The Scott Monument in Princes Street Gardens is the site of the annual Garden of Remembrance, where families and organisations lay wreaths and poppies for those who gave their lives to the conflicts of 1914-18 and 1939-45.
Other war memorials around Edinburgh are also the site of poppy tributes, and many of the memorials themselves were created by the architect Robert Lorimer. His most significant contribution to the city was the Scottish National War Memorial inside Edinburgh Castle.
You may already know that in Scotland the Remembrance poppies have four petals, whereas in the rest of the UK the design has just two petals, but did you also know that five million paper poppies are made each year at Lady Haig's Poppy Factory in Edinburgh?

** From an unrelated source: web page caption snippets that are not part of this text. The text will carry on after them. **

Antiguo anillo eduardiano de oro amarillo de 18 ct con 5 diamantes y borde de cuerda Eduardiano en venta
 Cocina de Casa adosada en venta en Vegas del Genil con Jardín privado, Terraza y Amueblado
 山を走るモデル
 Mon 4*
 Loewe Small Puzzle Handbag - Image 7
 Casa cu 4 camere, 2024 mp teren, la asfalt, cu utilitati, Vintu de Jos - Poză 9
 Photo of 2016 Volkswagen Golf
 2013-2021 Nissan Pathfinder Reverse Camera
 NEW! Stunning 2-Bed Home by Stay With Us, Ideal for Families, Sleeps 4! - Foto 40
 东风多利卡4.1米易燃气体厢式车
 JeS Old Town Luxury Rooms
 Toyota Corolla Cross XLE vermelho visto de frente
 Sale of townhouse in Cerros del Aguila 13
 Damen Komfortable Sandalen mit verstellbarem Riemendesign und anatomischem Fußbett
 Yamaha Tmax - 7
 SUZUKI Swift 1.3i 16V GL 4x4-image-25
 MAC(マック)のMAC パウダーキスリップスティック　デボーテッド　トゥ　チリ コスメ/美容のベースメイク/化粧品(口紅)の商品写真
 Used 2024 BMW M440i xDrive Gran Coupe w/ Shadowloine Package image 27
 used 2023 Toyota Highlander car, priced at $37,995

The factory was set up in 1926, at the suggestion of Countess Haig, wife of Field Marshall Douglas Haig, who was born in Charlotte Square in Edinburgh's New Town, and became commander of the British troops during the First World War, including at the battle of the Somme. The factory moved to its current site, a former printing works near Canonmills, in 1965.
In 1998, Edinburgh's Lady Haig Poppy Factory became an independent charity, and today it produces eight thousand of the ceremonial wreaths laid at commemorative services across Scotland each November, continuing to employ disabled veterans and other ex-service men and women.